In early July, I came to my boat after being away for three week and found the engine seized. It was locked up solidly, in that it would not budge even a little bit after soaking the cylinders with Marvel Mystery oil for several days. It turned out to be a blown head gasket which let salt water into a cylinder.

I hauled the engine out with the boom and rebuilt it for a cost of only parts and machine shop work. The engine is back in and is working great.
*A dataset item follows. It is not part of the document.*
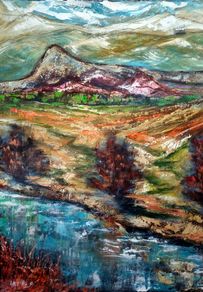 Louisburgh Landscape Painting 87x65cm on canvas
I have posted photos online if anyone is interested.

Yanmar 2QM15 Rebuild - a set on Flickr (www.flickr.com/photos/dreuge/sets/72157631067396554/ ) 
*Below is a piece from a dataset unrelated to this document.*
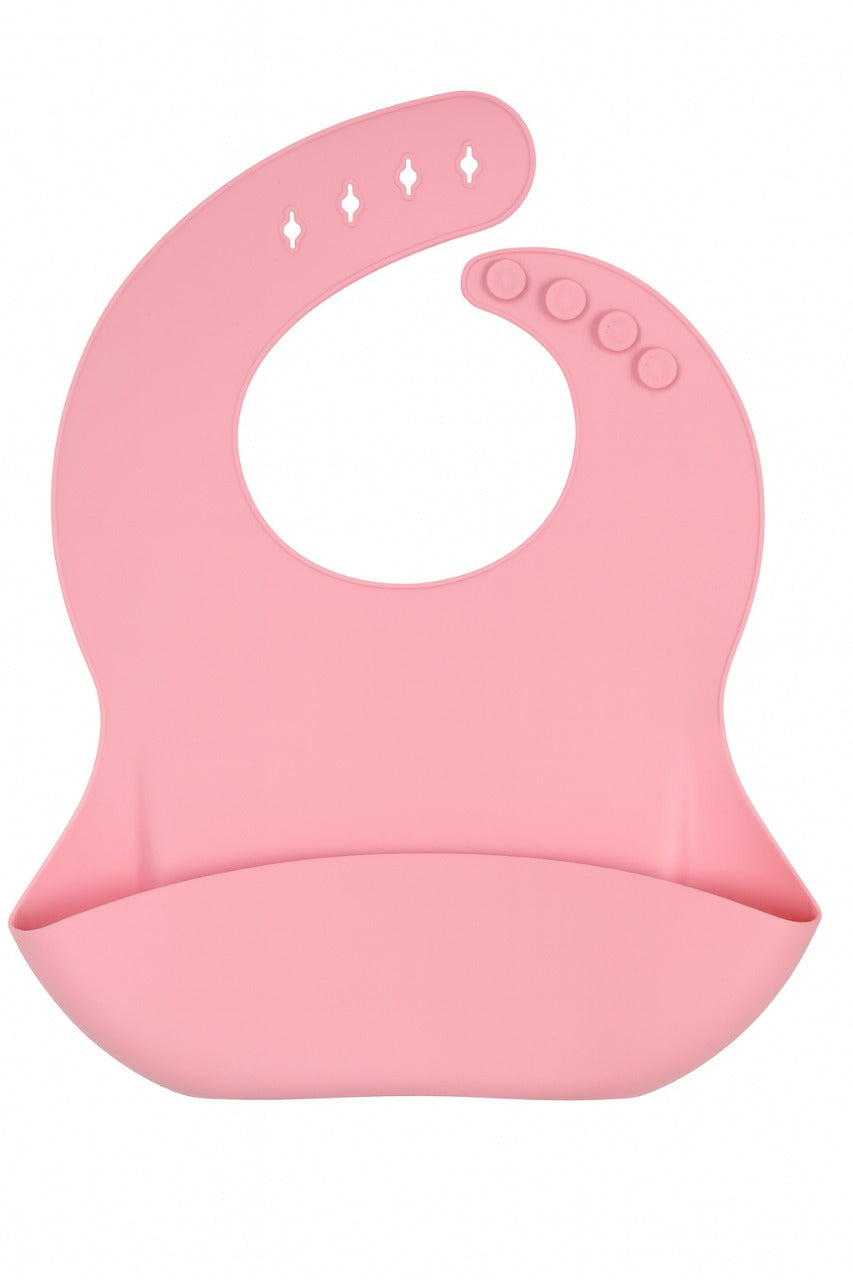 8 pcs Silicone Feeding Sets - Pink Elephant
Unless you live near a Yanmar distributer, knowing which part numbers to order can be time consuming and costly. I include my list below in order that it may help someone down the road.
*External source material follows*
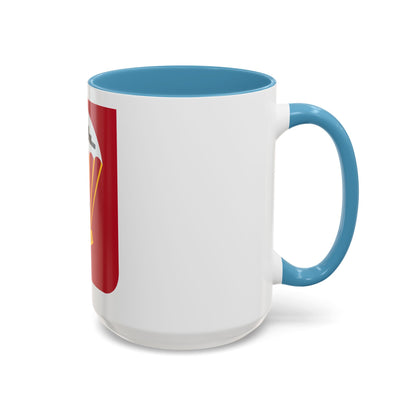 456th Airborne Field Artillery Battalion v2 (U.S. Army) Accent Coffee Mug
My total cost was about $825.

*Machine shop work*

Cylinder head work $300
Honing piston rod bushings to fit piston pins $40

*YANMAR 2QM15 PARTS*
Price quote from Mastry Engine Center


Gaskets
head gasket (124060-01331) [$28.79]
valve cover gasket, o-ring type bonnet (124060-11311) [$8.47]
oil pan sump gasket (124060-01743) [$16.26]
exhaust manifold output gasket (124701-11911) [$9.15]
exhaust manifold Adj. gasket (124770-13131) [$1.87]
exhaust flange gasket (124770-13171) [$27.43]
engine zinc cover gasket (124450-11681) [$1.53]
thermostat gasket (104211-49160) [$1.36]
exhaust manifold forward flange gasket (124770-13181) [$9.00]

Engine parts
piston rod bearings (124060-23300) [[email protected]$13.38]
piston w/ rings (724060-22722) [[email protected]$86.37]
piston pin bush (124060-23910) [[email protected]$5.08]
cylinder liner (724070-01900) [[email protected]$111.77]

Other Parts
zinc (27210-200300) [[email protected]$3.60]
zinc packing (23414-250000) [[email protected]$0.85]
thermostat (124770-49200)  [[email protected] 27.10]

Misc. item
Lubriplate #105 assemble lube 
(coating piston, rings, piston pins, bearings) ~$7
Copper Cote gasket spray 
(for head gasket and copper exhaust gaskets) ~$5
Permatex form-a-gasket #2 
(gasket dressing for other gaskets and hoses) ~$4


----------



## RichH (Jul 10, 2000)

Ya did good!!! The QM series can easily make it to 10,000 engine hours, even if rebuilt.


----------



## Bradhamlet (Nov 8, 2002)

Nice going my 3GM rebuild was $3,000. However there was more than just a cracked head, there was much welding to do. Any way Yanmars are great, fuel sipping powerful moters.
Brad 
Lancer 36


----------



## Beersmith (Nov 5, 2008)

nice! I am doing the exact same thing with my 4JH2E.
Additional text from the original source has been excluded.